Odds and Sods


The Telegraph reports something that Venezuela specialists have been pointing out for a long time now: While oil revenue is way up—as one would expect, with prices ten times what they were when Hugo Chavez was first elected—Venezuelan oil production is way down. In 1998, the country produced 3.2 million barrels a day. Today, OPEC says the nationalized oil industry (remember, Chavez fired 19,000 strking PDVSA employees in 2002, replacing them with party loyalists like Gaston Luis Parra Luzardo, the Marxist economist who took over the company) is producing 2.4 million barrels. And as The Telegraph points out, it is only the United States that is paying full price for Venezuelan crude, with most of Chavez's allies receiving oil shipments at a deep discount. Also worrying Venezuelan economists—and almost certainly worrying the Miraflores gang—is the possibility of oil prices falling even further. According to this report in the Caracas daily El Universal, the government would need the price of oil to remain at around $90 a barrel to sustain its current rate of spending.
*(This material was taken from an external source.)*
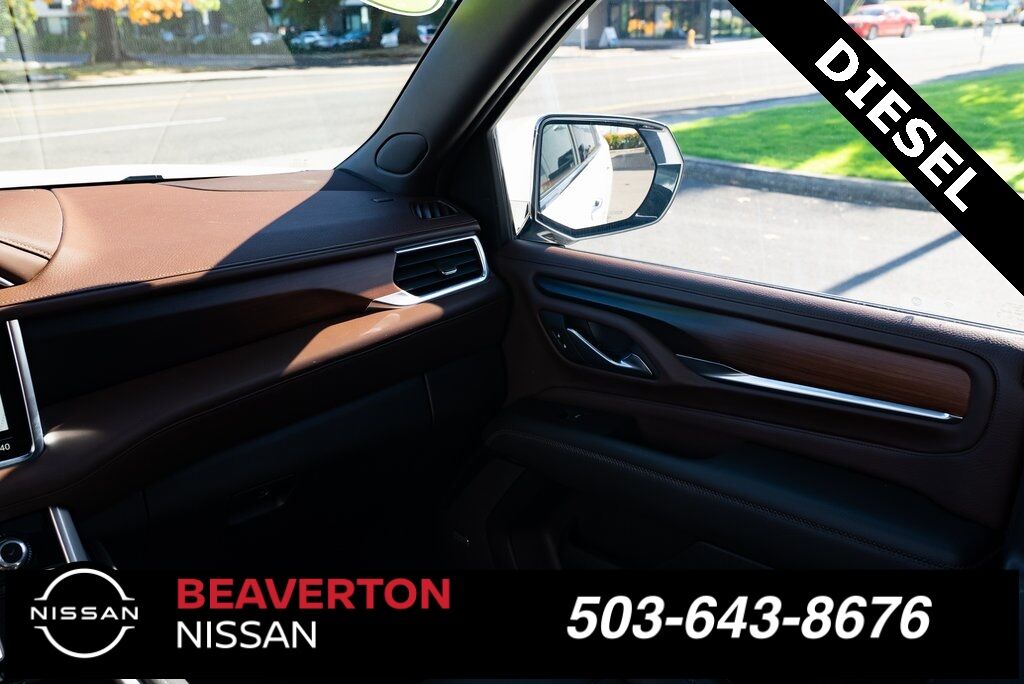 2021 GMC Yukon XL Denali Beaverton OR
– Citing an investigative piece in El Nuevo Herald, UPI reports that "The Venezuelan government is operating a secret paramilitary training camp with the help of Cuban military advisers and leftist Colombian guerrillas." A paranoid, Claire Sterling-like conspiracy theory? Hardly. As UPI notes, the government has neither confirmed nor denied the allegations, "but local officials have acknowledged its existence and the presence of Cubans."

– A jarring helmet-cam video obtained by Salon suggests that a 2006 insurgent attack that killed two American soldiers in Ramadi was, in fact, a friendly-fire incident. One cannot help be moved by both the awful tragedy on display and the professionalism of the soldiers responding. That is until, at the very end of the video, when the squad leader orders his soldiers to report that they were hit by enemy mortars and not a U.S. Army tank shell.

– According to the state-funded Institute for the Study of Totalitarian Regimes in Prague, Milan Kundera, author of The Unbearable Lightness of Being, ratted out an anti-communist spy working against the Soviet-backed government in Czechoslovakia. As the New York Times reports, the agent was arrested, "narrowly escaped the death penalty, a common punishment for espionage, and eventually served a 14-year sentence, including hard labor in a uranium mine."Kundera denied the charges. (Perhaps, in light of these charges, it is worth revisiting Kundera's 1969 debate with Vaclav Havel, in which he accuses the playwrite and dissident of "moral exhibitionism.")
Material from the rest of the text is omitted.